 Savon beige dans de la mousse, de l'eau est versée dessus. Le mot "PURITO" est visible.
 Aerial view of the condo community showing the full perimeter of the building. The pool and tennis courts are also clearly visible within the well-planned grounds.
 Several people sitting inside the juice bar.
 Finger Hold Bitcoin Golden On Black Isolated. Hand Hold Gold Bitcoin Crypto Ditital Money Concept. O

^^^^^^^^^^^^^^^^

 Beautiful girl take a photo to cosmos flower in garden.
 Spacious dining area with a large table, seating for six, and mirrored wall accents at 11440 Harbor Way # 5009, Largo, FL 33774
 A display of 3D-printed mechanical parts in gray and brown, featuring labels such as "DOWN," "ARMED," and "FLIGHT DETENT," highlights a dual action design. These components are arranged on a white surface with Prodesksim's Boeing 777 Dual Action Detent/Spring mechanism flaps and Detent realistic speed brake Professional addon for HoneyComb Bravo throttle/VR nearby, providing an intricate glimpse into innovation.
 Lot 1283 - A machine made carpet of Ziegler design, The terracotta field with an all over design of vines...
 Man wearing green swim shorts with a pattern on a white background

^^^^^^^^^^^^^^^^

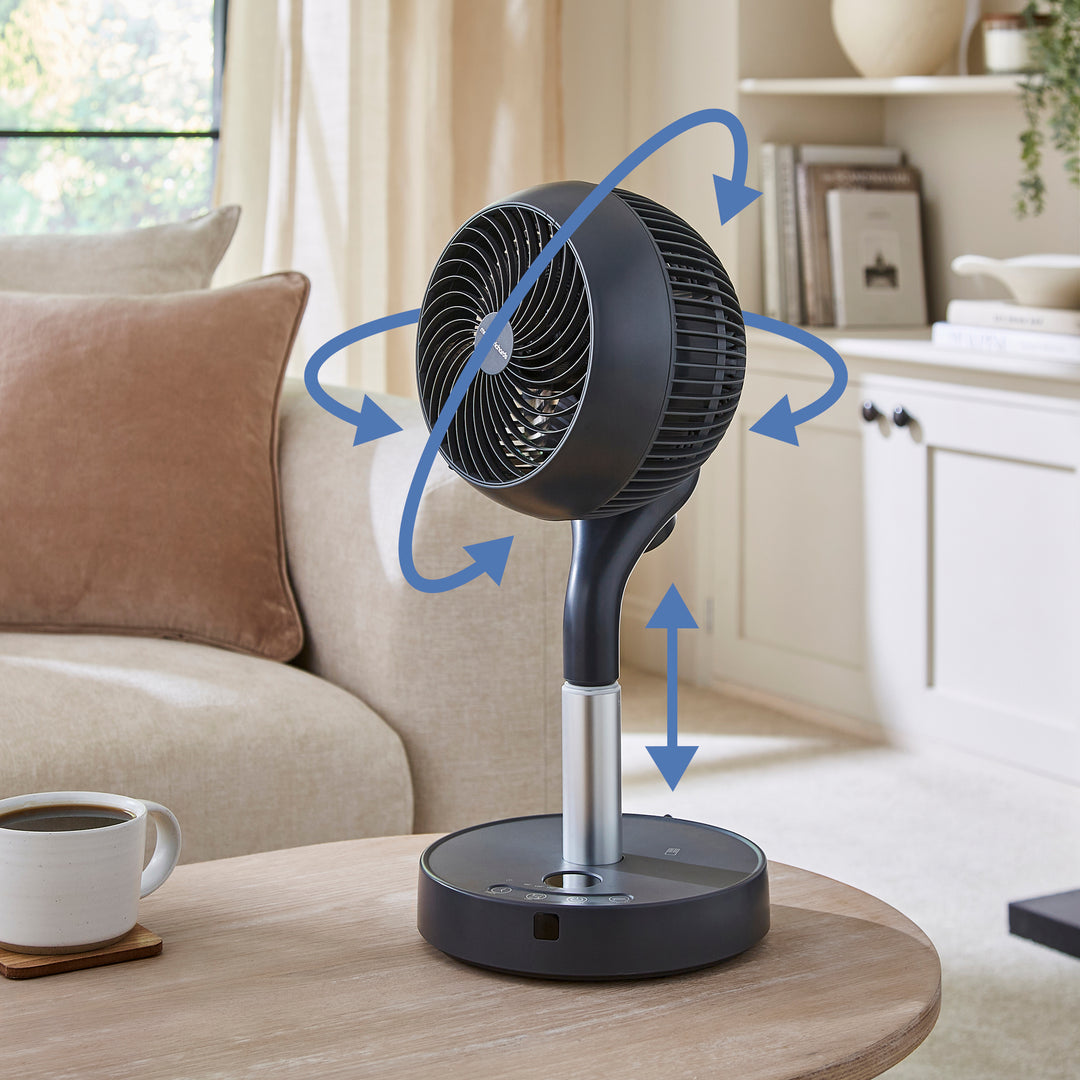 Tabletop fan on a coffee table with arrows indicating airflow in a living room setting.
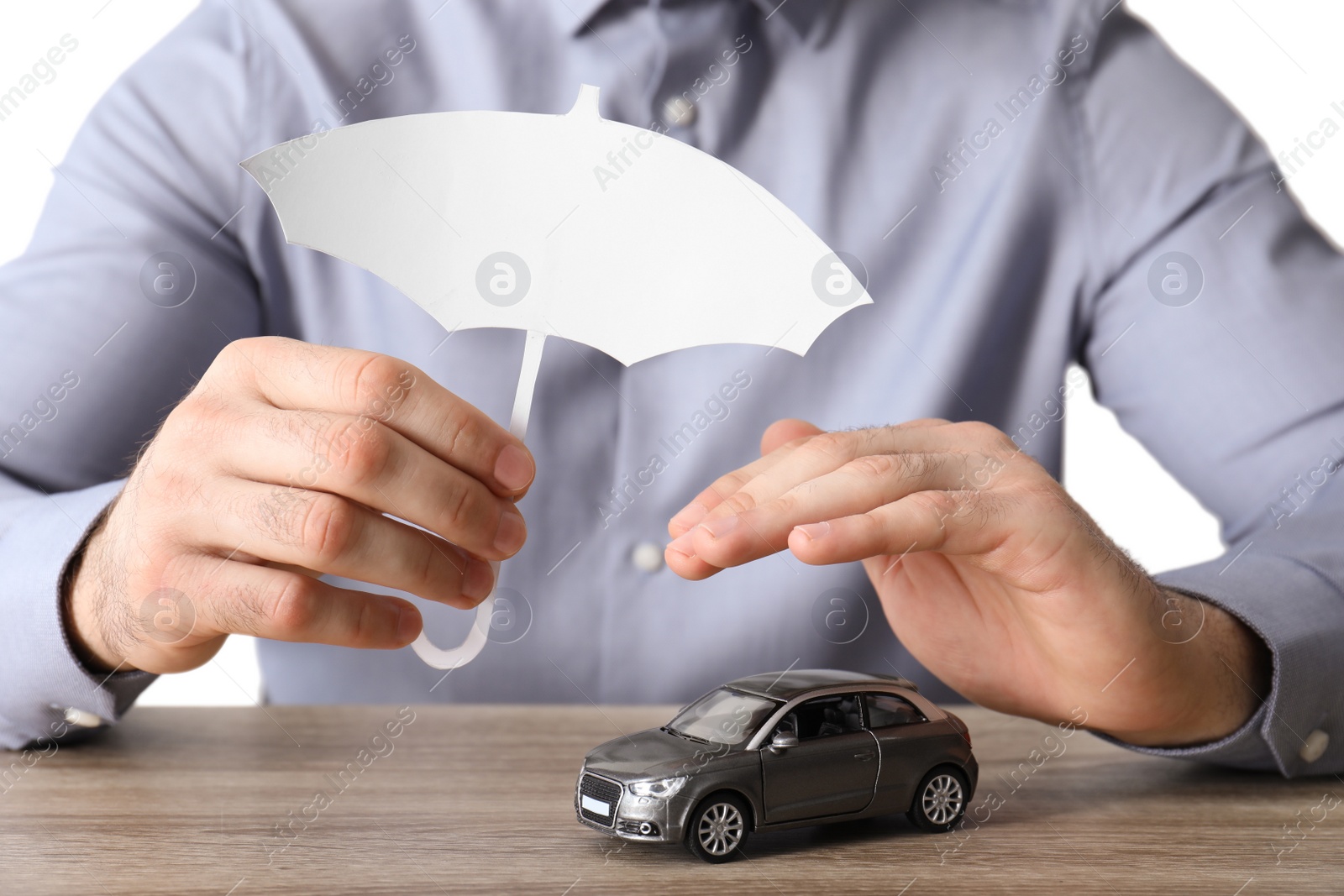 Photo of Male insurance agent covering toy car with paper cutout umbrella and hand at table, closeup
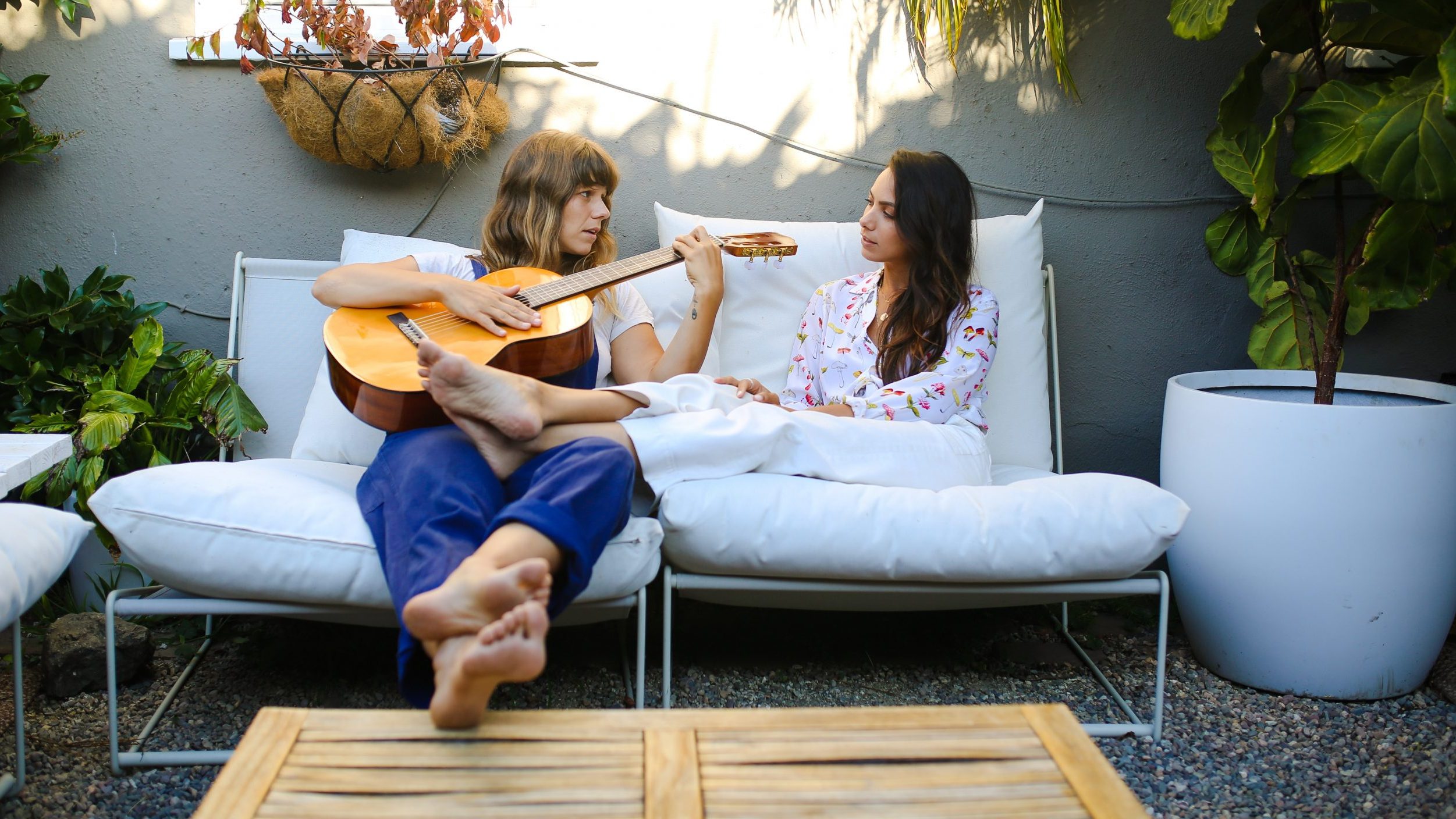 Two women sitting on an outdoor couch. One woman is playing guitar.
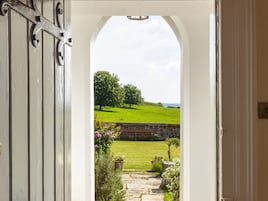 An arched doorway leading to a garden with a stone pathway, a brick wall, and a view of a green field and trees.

^^^^^^^^^^^^^^^^

**Task directions**
Beginning at the line with "Savon beige dans" and ending at the line with "Finger Hold Bitcoin", reproduce each line of the data above exactly, and add no other lines.

**Result**
 Savon beige dans de la mousse, de l'eau est versée dessus. Le mot "PURITO" est visible.
 Aerial view of the condo community showing the full perimeter of the building. The pool and tennis courts are also clearly visible within the well-planned grounds.
 Several people sitting inside the juice bar.
 Finger Hold Bitcoin Golden On Black Isolated. Hand Hold Gold Bitcoin Crypto Ditital Money Concept. O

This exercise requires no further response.